Saturday, June 23, 2012

Zucchini Bake Friday

Neillio here,  in the lab again.  I'm testing my ability to re-invent the same foods consistently and as equally appealing and satisying.  This evening is a Zucchini Bake.  Hopefully, you may try this and feel the same way!!
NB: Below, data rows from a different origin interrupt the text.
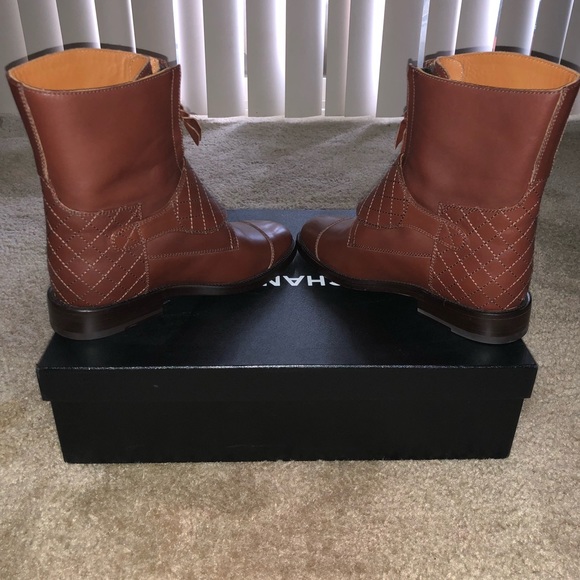 New women’s Chanel Ankle riding boots - Picture 3 of 6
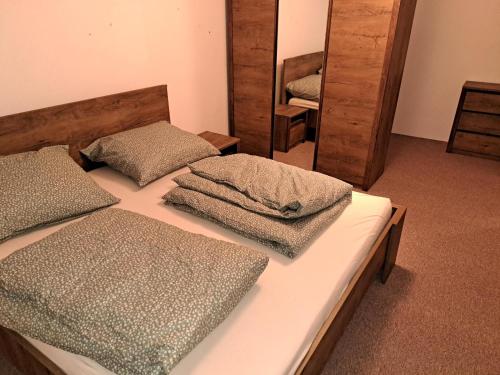 Un ou plusieurs lits dans un hébergement de l'établissement Ubytovňa Šurany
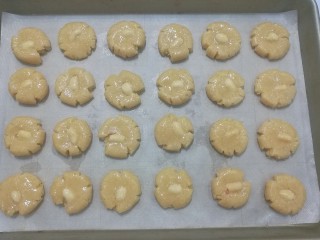 8、花生小酥饼,最后在花生酥饼上均匀的刷上蛋液,然后入烤箱中层170度烤约15~20分钟就OK啦!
Bacon Cheddar Zucchini Bake
1 large zucchini, about 5 cups sliced
1 lb. ground beef
1 soft beef bouillon cube
1 large onion, chopped
1 jalapeno, chopped
4 cloves garlic, pressed or finely minced
4 oz. black olives, sliced
12 oz. spaghetti sauce
granulated sugar to taste
2 tbsp. fresh basil and oregano blend
For Bacon Cheddar Bechamel:
4 tbsp. butter or margarine
2 tbsp. flour
2 c. milk
1 c. mild cheddar cheese, grated
1/3 c. real bacon bits 
Olive oil for drizzling
SPST
 (Salt and Pepper to Suit your Taste  )
Preheat oven to 375*F.
On a large roasting rack and pan or baking sheet, spread out sliced zucchini and sprinkle with salt.  Let stand for about 20 minutes.  Rinse and drain. This process is to render the zucchini of  excess water as to absorb the flavors of the bake.
Brown ground beef with bouillon  over medium high heat.  While browning add onion, jalapeno and garlic.  Once no pink remains and the vegetables are softened, drain off excess fat and stir in olives and spaghetti sauce. Stir in herbs and  reduce to a simmer.  
Meanwhile, prepare the cheese sauce. melt butter over medium heat and heat until small bubbles start to form.   Whisk in flour and cook about 1 minute.  Remove from heat and whisk in milk.  Place back over heat, and let thicken over several minutes.  Once thickened, add cheddar and bacon. Stir to blend, and turn off heat. 
In a 3 1/2 quart baking dish, drizzle with olive oil and add 1/2 of meat sauce.  Make a layer with zucchini, covering meat sauce.  Carefully spread 1/2 of bacon cheddar sauce atop zucchini.
Repeat with remaining  meat sauce, zucchini, and cheese sauce.  Cover loosely with foil and bake for about 45 minutes and zucchini is fork tender.    Let stand for 15 minutes before serving.  Serve with garlic bread and green salad.  Serves 8 to 10.